TASK STATEMENT: Look in the material below for the line holding "2024 Aventon Aventon Level 2 - Main photo". Set it down exactly, with each later line up to and including the line holding "Сдается 1-комнатная квартира".

━━━━━ TASK INPUT

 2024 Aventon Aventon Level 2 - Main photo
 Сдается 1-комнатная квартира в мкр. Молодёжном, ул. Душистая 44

━━━━━━━━━━
━━━━━ TASK INPUT

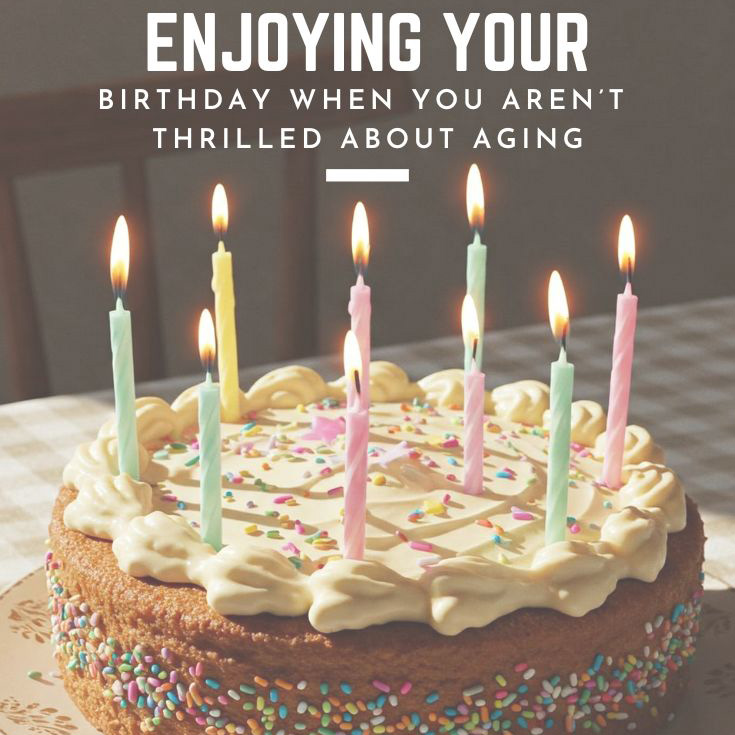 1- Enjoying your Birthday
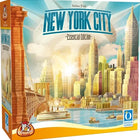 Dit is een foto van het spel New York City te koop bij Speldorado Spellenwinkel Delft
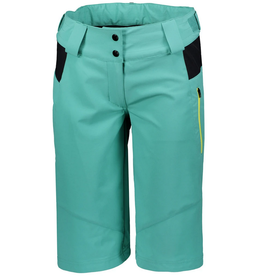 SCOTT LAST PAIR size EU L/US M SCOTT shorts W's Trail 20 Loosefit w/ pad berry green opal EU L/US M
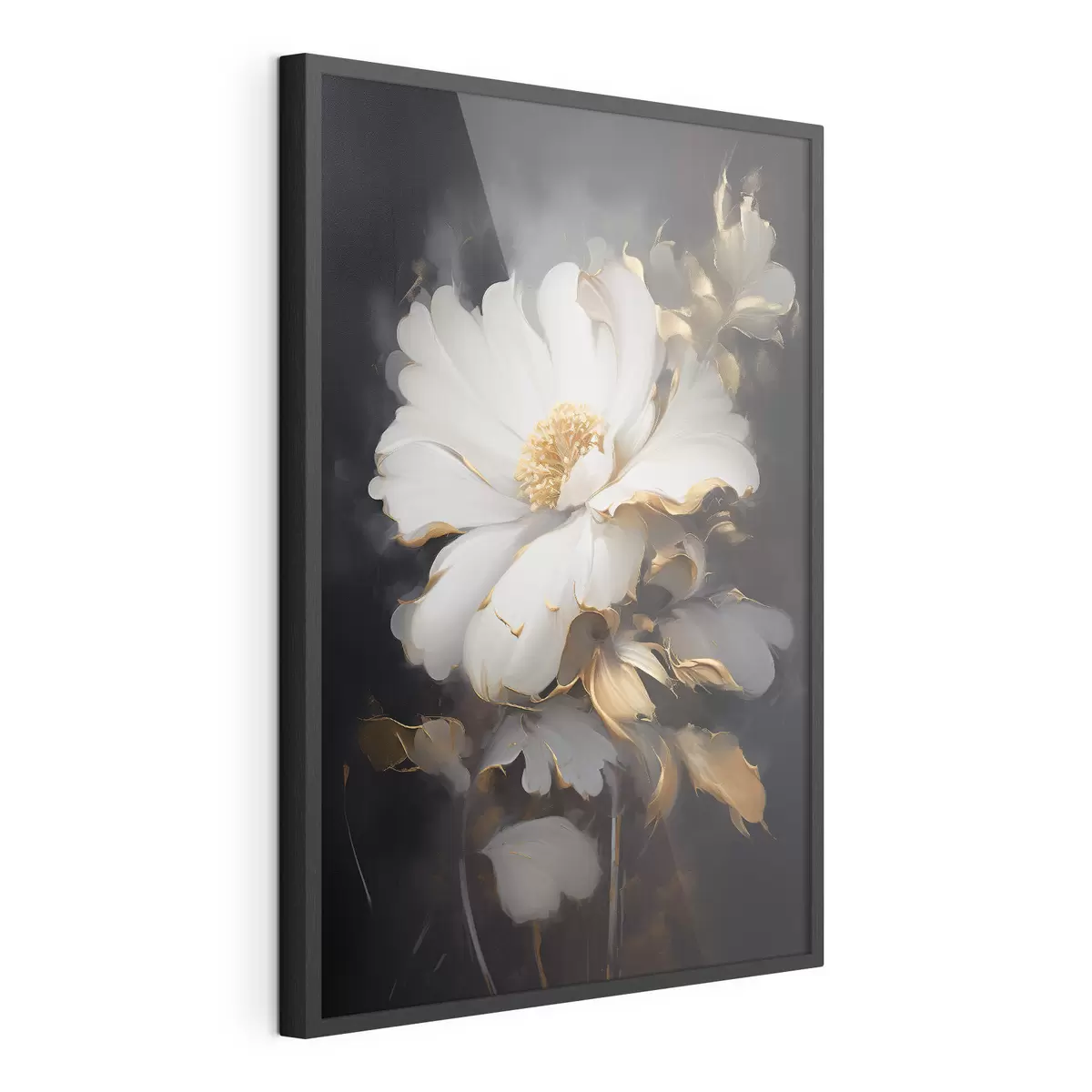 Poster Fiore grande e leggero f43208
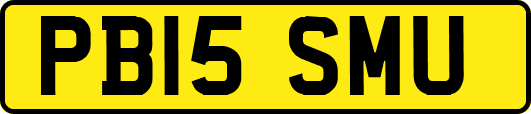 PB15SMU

━━━━━━━━━━
━━━━━ TASK INPUT

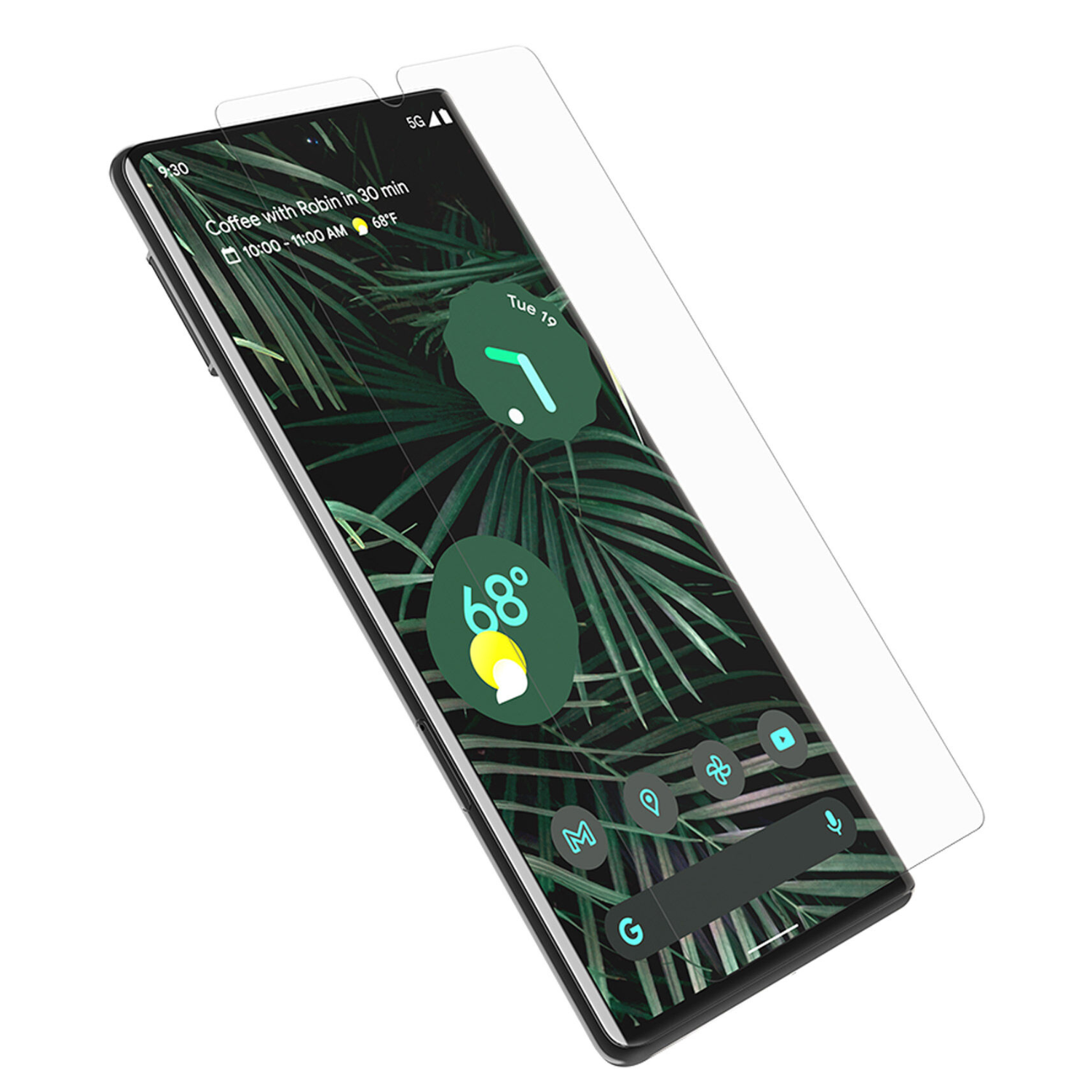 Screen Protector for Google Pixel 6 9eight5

━━━━━━━━━━

RESULT OF THIS EXERCISE:
 2024 Aventon Aventon Level 2 - Main photo
 Сдается 1-комнатная квартира в мкр. Молодёжном, ул. Душистая 44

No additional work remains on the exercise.